New Report Offers Lessons on K-12 Distance Learning from Top-Performing Countries
A June 2020 paper from the National Center for Education and the Economy offers interesting insights about how countries with top-performing K-12 education systems have responded to the wholesale move to distance education. In addition to summarizing what countries have done, the paper includes many examples of specific initiatives with links for additional information. Among the findings:
- Several countries affected by the SARS epidemic had emergency distance plans in place that they were able to activate when the pandemic struck.
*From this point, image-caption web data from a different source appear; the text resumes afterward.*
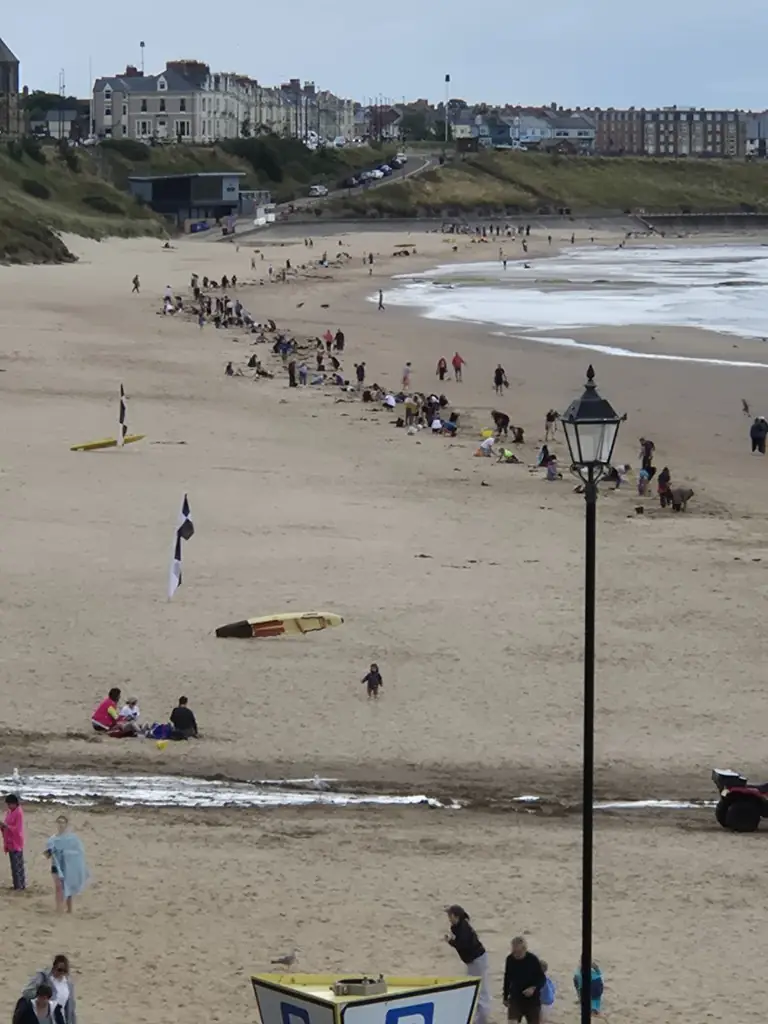 Long line of volunteers working along the tide mark on a wide sandy beach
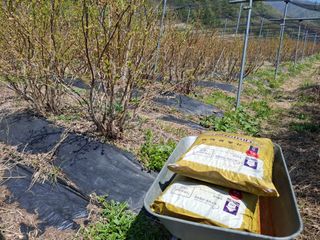 황인근님의 블루베리 · 영농일지 작성글 사진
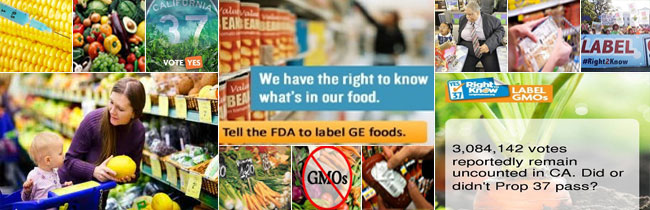 GMO-war-label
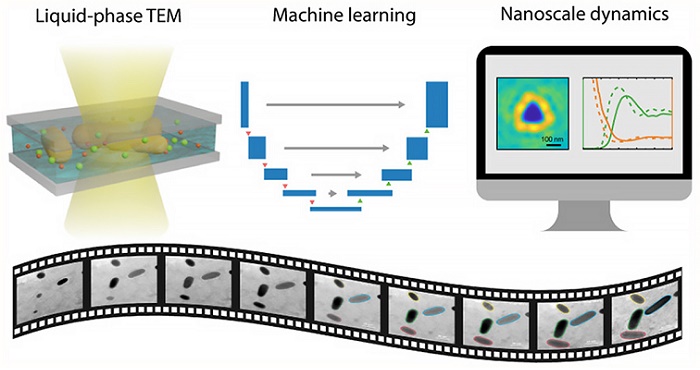 The schematic shows a simplified version of the steps taken by researchers to connect liquid-phase electron microscopy and machine learning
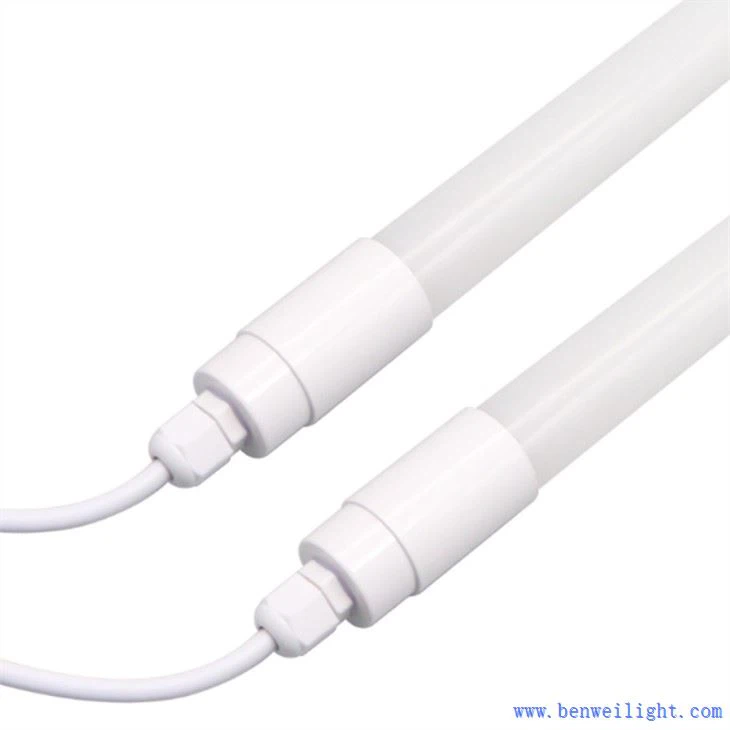 Vištienos LED lemputė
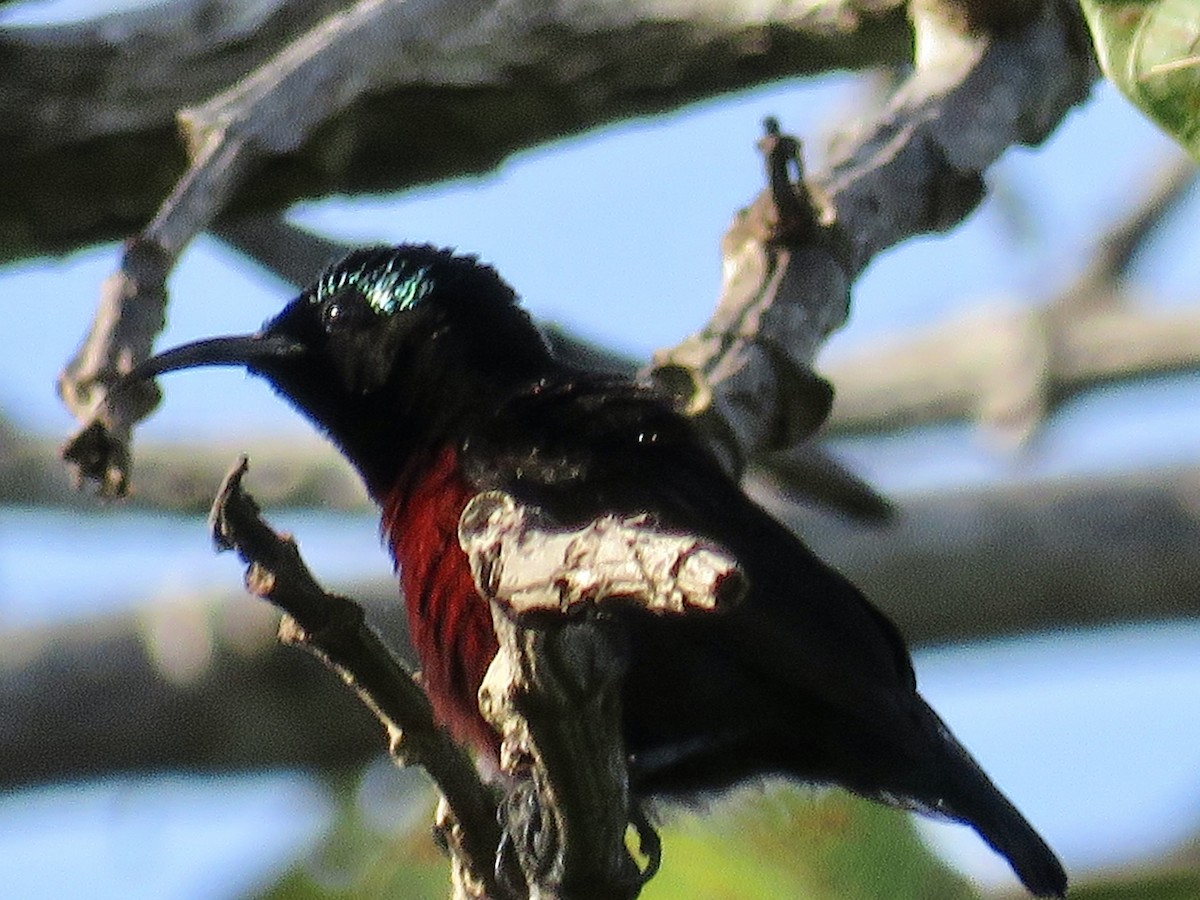 Blauglanz-Nektarvogel - ML425427141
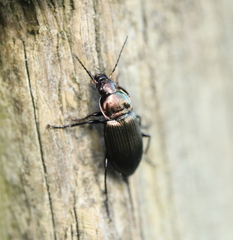 Poecilus cupreus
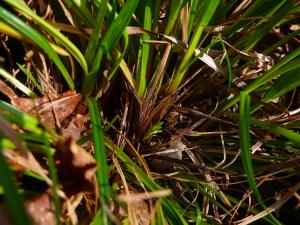 lorichin, le  9 avril 2025 (Belloc (bois de Lafage))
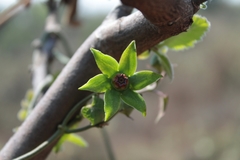 Gonolobus uniflorus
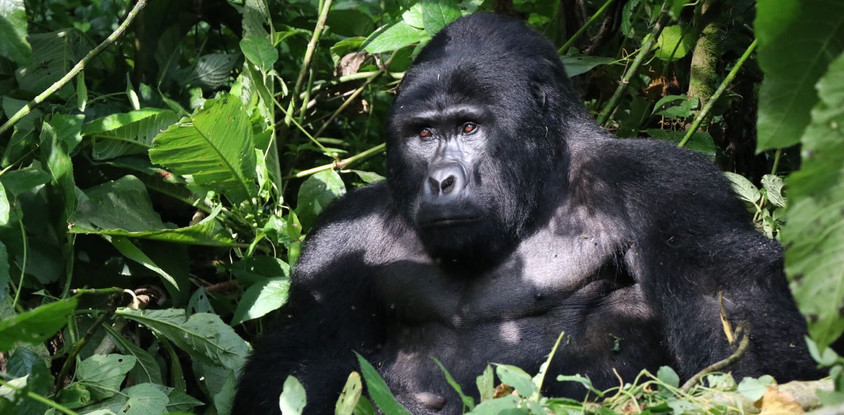 3 days gorilla trekking safari tour in uganda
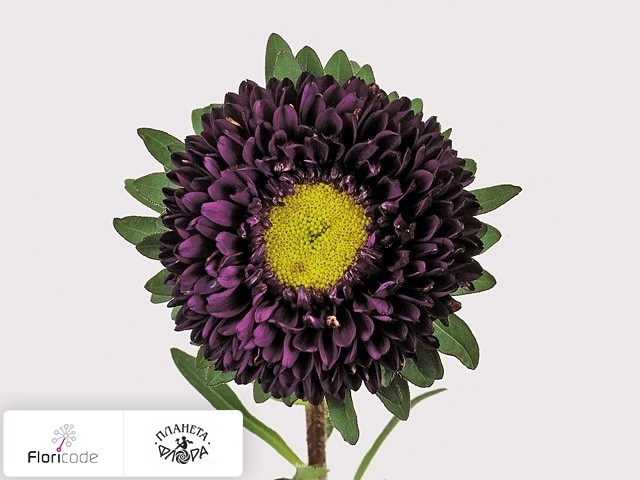 Каллистефус китайский Matsumoto Donkerblauw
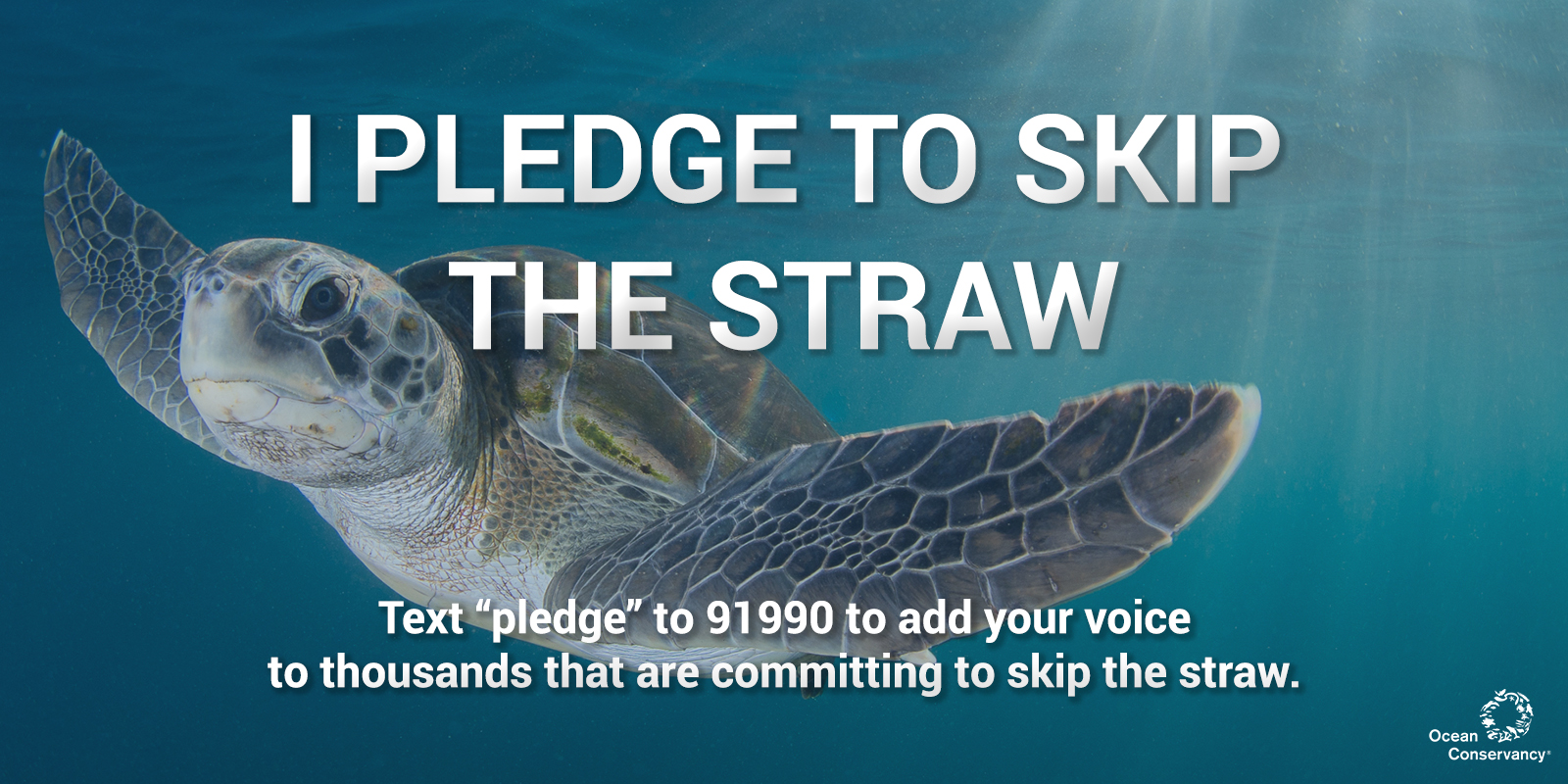 Pin by Zette Harbour on Eco Story | Ocean conservation, Ocean, Pledge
These plans included training for teachers on distance education and creation of repositories of materials for online learning linked to the jurisdictions’ curricula.
- Even countries not impacted by prior pandemics have made investments in creating support networks for educators that provided teachers with access to expert advice and support for teaching online.
- Because many top-performing countries had already invested in creating online repositories of teaching and learning materials, they were able to quickly develop guidance and supports for teachers when schools had to move online.
- Several countries leveraged expert teachers to create lesson materials for their online repositories and to provide support to less experienced teachers.
- As other countries have begun to re-open, they have prioritized in-person access for students with special needs and for students who have particularly struggled with online learning, relying primarily on the professional judgment of teachers to identify those students.
The paper concludes by noting that high-performing countries are already implementing reviews, research, and discussions to learn from their experience to date, to plan for addressing learning gaps that have arisen during the pandemic, to prepare for any future crises, and to incorporate the best of their distance learning experience into the ongoing operations. The paper doesn’t mention higher education, but clearly schools, colleges, and department of education can play an important role in capturing the important lessons from these challenging times and ensuring that schools are better prepared for future crises.